Bu elbette çok uzun bir konu… Bunu; kentleşme ve toplum açısından ele almak gerekir. Kentleşmeye baktığımızda; hem mevcut yapı stoku, hem de yeni yapılacak yapılar için önlemler mevcuttur. Mevcut yapıların hepsinin deprem güvenliği açısından incelenmesi ve standartlara uygun bu binalara bir kimlik numarası verilmesi gerekir. Çevre ve Şehircilik Bakanlığında oluşturulacak bir sistem üzerinde bir veri tabanında bunların kaydedilmesi ve yapılan en ufak işlemin bile buradan takip edilmesi gerekir. Aynen asansör takibi gibi. Diğer taraftan standart dışı binaların derhal kentsel dönüşüme tabi tutulması, yıkılıp yeniden yapılması gerekir. Toplum açısından baktığımızda ise; insanımızı bu sürece nasıl dahil edebiliriz?
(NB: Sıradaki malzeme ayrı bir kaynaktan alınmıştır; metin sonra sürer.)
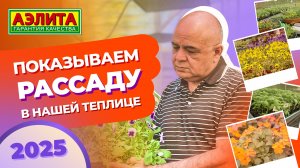 ПОКАЗЫВАЕМ РАССАДУ в ТЕПЛИЦЕ 2025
Bunu daha çok teknolojiyi devreye sokarak yapmamız toplum açısından önemlidir.
-Türkiye’de zemin etüdü ve iyileştirme çalışmaları yeterli midir?
Maalesef yeterli düzeyde olduğunu söyleyemeyeceğim. Hatta sayın Cumhurbaşkanımız da Elazığ’da yaptığı konuşmada zemin etütlerinin gerektiği gibi yapılacağını söyledi. Oysa Planlı alanlar yönetmeliğinin 57. Maddesinde ve 2019 deprem yönetmeliğinde zemin etütlerinin nasıl yapılacağı belirtilmiş. Mevzuatta eksiklikler olmakla birlikte düzenleme yapılmış. Esasında uygulama ve denetlemede sorunların olduğu görülmektedir.
-Bu etüdlerin daha iyi denetlenmesi için ne tür önlemler alınabilir? Yapı denetim firmaları bünyesinde jeoteknik etüd birimi kurulmalı mıdır?
Esasında sözünü ettiğiniz konularda düzenlemeler yapılmış durumda. 2008 yılında 4708 sayılı kanunda yapılan yeni düzenleme ile yapı denetim tüm Türkiye’de uygulanmaya başlandı. Temel sorun uygulamadan kaynaklanmaktadır.
1991 yılında İstanbul Üniversitesi Mühendislik Fakültesi Jeofizik Mühendisliği Bölümü’nden mezun oldu. İBB, Süleyman Demirel Üniversitesi ve İstanbul Üniversitesi’nde hocalık yaptı. ABD Missouri Üniversitesi’nde misafir araştırmacı olarak yer aldı. Halen S. Demirel Üniversitesi’nde profesör olarak görevine devam ediyor. Deprem sismolojisi, risk yönetimi ve yenilenebilir enerji alnında çok sayıda bilimsel yayın ve projede yer aldı.